*** Given entries Section Begins ***

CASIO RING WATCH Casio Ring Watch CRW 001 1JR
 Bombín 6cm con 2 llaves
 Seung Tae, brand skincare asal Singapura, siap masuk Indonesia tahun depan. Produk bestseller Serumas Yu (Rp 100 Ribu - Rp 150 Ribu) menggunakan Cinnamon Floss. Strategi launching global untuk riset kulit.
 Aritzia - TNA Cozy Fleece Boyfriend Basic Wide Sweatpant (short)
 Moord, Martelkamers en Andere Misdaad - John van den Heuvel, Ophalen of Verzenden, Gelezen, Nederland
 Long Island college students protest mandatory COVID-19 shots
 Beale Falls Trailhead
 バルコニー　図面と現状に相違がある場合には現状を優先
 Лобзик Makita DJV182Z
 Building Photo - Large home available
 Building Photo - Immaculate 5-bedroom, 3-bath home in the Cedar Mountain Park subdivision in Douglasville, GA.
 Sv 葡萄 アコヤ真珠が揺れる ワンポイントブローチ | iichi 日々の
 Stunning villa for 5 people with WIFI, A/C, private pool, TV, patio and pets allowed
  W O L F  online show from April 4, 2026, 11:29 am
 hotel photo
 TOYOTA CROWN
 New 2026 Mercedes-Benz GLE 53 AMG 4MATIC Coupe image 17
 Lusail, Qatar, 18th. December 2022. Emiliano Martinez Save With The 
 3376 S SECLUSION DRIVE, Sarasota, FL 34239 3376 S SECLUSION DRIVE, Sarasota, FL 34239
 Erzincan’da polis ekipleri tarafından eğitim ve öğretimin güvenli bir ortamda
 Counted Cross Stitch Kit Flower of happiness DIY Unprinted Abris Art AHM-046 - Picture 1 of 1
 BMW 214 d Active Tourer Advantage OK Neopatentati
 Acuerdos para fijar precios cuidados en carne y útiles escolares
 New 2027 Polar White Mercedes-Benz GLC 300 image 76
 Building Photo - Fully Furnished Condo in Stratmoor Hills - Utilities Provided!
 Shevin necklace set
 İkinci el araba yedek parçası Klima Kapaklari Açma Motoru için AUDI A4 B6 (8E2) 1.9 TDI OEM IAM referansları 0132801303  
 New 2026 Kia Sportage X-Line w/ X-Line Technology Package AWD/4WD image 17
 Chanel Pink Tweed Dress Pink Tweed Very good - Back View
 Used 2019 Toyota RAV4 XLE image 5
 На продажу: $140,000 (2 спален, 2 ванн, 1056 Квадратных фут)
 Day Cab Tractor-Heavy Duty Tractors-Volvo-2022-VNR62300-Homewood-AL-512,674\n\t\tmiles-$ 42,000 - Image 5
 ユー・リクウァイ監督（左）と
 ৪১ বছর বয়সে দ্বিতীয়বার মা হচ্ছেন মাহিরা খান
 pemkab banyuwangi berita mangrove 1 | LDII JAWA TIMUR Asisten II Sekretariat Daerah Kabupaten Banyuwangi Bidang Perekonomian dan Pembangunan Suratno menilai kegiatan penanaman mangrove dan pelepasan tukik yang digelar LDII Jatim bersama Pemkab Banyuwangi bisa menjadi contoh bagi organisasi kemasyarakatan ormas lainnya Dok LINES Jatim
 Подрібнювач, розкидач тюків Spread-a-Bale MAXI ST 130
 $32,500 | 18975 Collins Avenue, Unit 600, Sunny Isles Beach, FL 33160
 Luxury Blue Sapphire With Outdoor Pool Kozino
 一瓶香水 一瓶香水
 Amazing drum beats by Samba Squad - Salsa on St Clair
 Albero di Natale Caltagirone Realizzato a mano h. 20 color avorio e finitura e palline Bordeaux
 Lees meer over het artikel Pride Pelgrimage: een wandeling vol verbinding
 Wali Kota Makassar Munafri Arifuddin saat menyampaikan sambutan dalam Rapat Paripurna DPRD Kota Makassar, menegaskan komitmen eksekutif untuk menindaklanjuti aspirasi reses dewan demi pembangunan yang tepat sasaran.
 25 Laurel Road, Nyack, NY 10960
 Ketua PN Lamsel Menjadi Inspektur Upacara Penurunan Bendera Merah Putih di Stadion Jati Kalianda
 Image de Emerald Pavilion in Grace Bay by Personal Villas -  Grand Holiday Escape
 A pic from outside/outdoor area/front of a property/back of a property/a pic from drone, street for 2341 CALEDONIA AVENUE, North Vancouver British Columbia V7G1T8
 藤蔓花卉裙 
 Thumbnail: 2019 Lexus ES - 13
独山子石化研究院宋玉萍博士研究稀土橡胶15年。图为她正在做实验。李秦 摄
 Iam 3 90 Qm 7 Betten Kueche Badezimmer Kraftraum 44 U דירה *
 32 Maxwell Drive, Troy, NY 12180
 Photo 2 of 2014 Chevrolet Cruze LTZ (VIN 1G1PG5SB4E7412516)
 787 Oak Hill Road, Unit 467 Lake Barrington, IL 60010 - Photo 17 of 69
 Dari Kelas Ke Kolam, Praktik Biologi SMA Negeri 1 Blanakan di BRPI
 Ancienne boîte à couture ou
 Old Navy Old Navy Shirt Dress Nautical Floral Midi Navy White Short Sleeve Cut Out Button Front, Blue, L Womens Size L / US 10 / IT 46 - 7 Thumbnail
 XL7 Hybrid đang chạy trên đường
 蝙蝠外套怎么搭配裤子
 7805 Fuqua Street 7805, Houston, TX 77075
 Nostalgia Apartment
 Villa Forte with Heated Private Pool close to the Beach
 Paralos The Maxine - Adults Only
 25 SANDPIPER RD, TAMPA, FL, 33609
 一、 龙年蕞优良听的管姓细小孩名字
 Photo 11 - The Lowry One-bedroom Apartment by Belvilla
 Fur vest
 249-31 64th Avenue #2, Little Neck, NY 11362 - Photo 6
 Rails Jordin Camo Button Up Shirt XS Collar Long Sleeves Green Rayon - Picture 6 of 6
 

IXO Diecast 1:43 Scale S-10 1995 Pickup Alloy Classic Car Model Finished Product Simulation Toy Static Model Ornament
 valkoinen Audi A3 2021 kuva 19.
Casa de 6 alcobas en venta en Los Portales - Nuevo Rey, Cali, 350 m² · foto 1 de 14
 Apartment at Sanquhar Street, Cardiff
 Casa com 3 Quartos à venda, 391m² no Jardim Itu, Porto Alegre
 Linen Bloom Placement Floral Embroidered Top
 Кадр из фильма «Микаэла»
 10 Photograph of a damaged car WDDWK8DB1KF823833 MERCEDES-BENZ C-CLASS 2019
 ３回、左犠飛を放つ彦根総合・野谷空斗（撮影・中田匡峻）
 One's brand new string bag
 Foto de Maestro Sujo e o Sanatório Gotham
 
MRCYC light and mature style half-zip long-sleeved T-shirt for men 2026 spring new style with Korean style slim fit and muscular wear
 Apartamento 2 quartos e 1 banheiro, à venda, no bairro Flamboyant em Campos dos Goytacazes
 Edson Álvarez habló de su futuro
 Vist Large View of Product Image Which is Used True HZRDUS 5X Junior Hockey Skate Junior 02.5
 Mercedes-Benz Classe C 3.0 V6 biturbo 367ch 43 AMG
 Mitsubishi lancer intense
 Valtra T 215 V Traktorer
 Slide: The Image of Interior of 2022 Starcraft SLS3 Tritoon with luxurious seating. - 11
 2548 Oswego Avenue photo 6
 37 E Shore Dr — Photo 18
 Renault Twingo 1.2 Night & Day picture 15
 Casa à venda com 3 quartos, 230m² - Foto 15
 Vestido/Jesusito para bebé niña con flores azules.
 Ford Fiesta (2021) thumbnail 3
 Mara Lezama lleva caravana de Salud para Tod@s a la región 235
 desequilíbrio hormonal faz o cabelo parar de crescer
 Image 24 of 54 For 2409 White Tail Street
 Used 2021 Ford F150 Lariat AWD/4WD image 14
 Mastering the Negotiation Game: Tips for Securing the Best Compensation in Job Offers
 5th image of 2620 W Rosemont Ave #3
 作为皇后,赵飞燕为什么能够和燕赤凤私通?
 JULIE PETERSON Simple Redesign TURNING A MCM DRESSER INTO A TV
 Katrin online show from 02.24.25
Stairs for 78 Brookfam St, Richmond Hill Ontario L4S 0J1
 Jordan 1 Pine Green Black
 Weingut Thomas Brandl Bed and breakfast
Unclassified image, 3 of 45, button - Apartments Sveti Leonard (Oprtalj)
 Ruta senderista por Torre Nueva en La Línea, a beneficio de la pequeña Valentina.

*** Given entries Section Ends ***

- _Exercise prompt_: Output the lines above exactly, but only those between the line holding "Chanel Pink Tweed" and the line holding "Ancienne boîte à couture ou", inclusive.

- _Problem solution_:
 Chanel Pink Tweed Dress Pink Tweed Very good - Back View
 Used 2019 Toyota RAV4 XLE image 5
 На продажу: $140,000 (2 спален, 2 ванн, 1056 Квадратных фут)
 Day Cab Tractor-Heavy Duty Tractors-Volvo-2022-VNR62300-Homewood-AL-512,674\n\t\tmiles-$ 42,000 - Image 5
 ユー・リクウァイ監督（左）と
 ৪১ বছর বয়সে দ্বিতীয়বার মা হচ্ছেন মাহিরা খান
 pemkab banyuwangi berita mangrove 1 | LDII JAWA TIMUR Asisten II Sekretariat Daerah Kabupaten Banyuwangi Bidang Perekonomian dan Pembangunan Suratno menilai kegiatan penanaman mangrove dan pelepasan tukik yang digelar LDII Jatim bersama Pemkab Banyuwangi bisa menjadi contoh bagi organisasi kemasyarakatan ormas lainnya Dok LINES Jatim
 Подрібнювач, розкидач тюків Spread-a-Bale MAXI ST 130
 $32,500 | 18975 Collins Avenue, Unit 600, Sunny Isles Beach, FL 33160
 Luxury Blue Sapphire With Outdoor Pool Kozino
 一瓶香水 一瓶香水
 Amazing drum beats by Samba Squad - Salsa on St Clair
 Albero di Natale Caltagirone Realizzato a mano h. 20 color avorio e finitura e palline Bordeaux
 Lees meer over het artikel Pride Pelgrimage: een wandeling vol verbinding
 Wali Kota Makassar Munafri Arifuddin saat menyampaikan sambutan dalam Rapat Paripurna DPRD Kota Makassar, menegaskan komitmen eksekutif untuk menindaklanjuti aspirasi reses dewan demi pembangunan yang tepat sasaran.
 25 Laurel Road, Nyack, NY 10960
 Ketua PN Lamsel Menjadi Inspektur Upacara Penurunan Bendera Merah Putih di Stadion Jati Kalianda
 Image de Emerald Pavilion in Grace Bay by Personal Villas -  Grand Holiday Escape
 A pic from outside/outdoor area/front of a property/back of a property/a pic from drone, street for 2341 CALEDONIA AVENUE, North Vancouver British Columbia V7G1T8
 藤蔓花卉裙 
 Thumbnail: 2019 Lexus ES - 13
独山子石化研究院宋玉萍博士研究稀土橡胶15年。图为她正在做实验。李秦 摄
 Iam 3 90 Qm 7 Betten Kueche Badezimmer Kraftraum 44 U דירה *
 32 Maxwell Drive, Troy, NY 12180
 Photo 2 of 2014 Chevrolet Cruze LTZ (VIN 1G1PG5SB4E7412516)
 787 Oak Hill Road, Unit 467 Lake Barrington, IL 60010 - Photo 17 of 69
 Dari Kelas Ke Kolam, Praktik Biologi SMA Negeri 1 Blanakan di BRPI
 Ancienne boîte à couture ou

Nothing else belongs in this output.